## Task item
All of the records below need to be returned exactly.

□ □ □ □ □

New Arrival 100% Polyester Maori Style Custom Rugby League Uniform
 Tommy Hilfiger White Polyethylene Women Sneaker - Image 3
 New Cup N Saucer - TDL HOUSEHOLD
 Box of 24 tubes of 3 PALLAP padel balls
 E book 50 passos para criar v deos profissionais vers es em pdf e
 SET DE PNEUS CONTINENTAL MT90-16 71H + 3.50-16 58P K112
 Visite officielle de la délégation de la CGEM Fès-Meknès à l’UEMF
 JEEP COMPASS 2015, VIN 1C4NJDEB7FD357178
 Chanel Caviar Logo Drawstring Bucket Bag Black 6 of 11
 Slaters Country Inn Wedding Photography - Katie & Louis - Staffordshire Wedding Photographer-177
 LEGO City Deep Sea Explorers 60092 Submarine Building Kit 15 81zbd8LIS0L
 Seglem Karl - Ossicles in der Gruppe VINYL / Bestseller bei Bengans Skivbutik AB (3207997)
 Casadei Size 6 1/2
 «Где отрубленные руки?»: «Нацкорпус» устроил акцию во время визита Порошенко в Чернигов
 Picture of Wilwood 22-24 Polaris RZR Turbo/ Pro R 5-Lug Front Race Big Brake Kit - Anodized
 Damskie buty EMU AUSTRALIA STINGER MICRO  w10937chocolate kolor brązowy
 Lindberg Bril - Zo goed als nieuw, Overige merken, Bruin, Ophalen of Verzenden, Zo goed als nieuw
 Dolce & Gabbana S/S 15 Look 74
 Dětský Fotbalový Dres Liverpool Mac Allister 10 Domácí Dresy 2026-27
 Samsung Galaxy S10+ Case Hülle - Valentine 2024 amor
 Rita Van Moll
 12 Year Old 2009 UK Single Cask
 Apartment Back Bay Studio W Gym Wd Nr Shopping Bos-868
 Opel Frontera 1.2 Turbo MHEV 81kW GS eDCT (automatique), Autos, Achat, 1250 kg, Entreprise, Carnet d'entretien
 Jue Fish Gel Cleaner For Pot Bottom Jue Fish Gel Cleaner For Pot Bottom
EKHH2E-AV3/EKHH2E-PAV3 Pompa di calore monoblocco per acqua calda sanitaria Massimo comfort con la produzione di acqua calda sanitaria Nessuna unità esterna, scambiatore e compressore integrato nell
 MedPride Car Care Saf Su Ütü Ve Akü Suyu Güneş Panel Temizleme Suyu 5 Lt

□ □ □ □ □

## Answer below
New Arrival 100% Polyester Maori Style Custom Rugby League Uniform
 Tommy Hilfiger White Polyethylene Women Sneaker - Image 3
 New Cup N Saucer - TDL HOUSEHOLD
 Box of 24 tubes of 3 PALLAP padel balls
 E book 50 passos para criar v deos profissionais vers es em pdf e
 SET DE PNEUS CONTINENTAL MT90-16 71H + 3.50-16 58P K112
 Visite officielle de la délégation de la CGEM Fès-Meknès à l’UEMF
 JEEP COMPASS 2015, VIN 1C4NJDEB7FD357178
 Chanel Caviar Logo Drawstring Bucket Bag Black 6 of 11
 Slaters Country Inn Wedding Photography - Katie & Louis - Staffordshire Wedding Photographer-177
 LEGO City Deep Sea Explorers 60092 Submarine Building Kit 15 81zbd8LIS0L
 Seglem Karl - Ossicles in der Gruppe VINYL / Bestseller bei Bengans Skivbutik AB (3207997)
 Casadei Size 6 1/2
 «Где отрубленные руки?»: «Нацкорпус» устроил акцию во время визита Порошенко в Чернигов
 Picture of Wilwood 22-24 Polaris RZR Turbo/ Pro R 5-Lug Front Race Big Brake Kit - Anodized
 Damskie buty EMU AUSTRALIA STINGER MICRO  w10937chocolate kolor brązowy
 Lindberg Bril - Zo goed als nieuw, Overige merken, Bruin, Ophalen of Verzenden, Zo goed als nieuw
 Dolce & Gabbana S/S 15 Look 74
 Dětský Fotbalový Dres Liverpool Mac Allister 10 Domácí Dresy 2026-27
 Samsung Galaxy S10+ Case Hülle - Valentine 2024 amor
 Rita Van Moll
 12 Year Old 2009 UK Single Cask
 Apartment Back Bay Studio W Gym Wd Nr Shopping Bos-868
 Opel Frontera 1.2 Turbo MHEV 81kW GS eDCT (automatique), Autos, Achat, 1250 kg, Entreprise, Carnet d'entretien
 Jue Fish Gel Cleaner For Pot Bottom Jue Fish Gel Cleaner For Pot Bottom
EKHH2E-AV3/EKHH2E-PAV3 Pompa di calore monoblocco per acqua calda sanitaria Massimo comfort con la produzione di acqua calda sanitaria Nessuna unità esterna, scambiatore e compressore integrato nell
 MedPride Car Care Saf Su Ütü Ve Akü Suyu Güneş Panel Temizleme Suyu 5 Lt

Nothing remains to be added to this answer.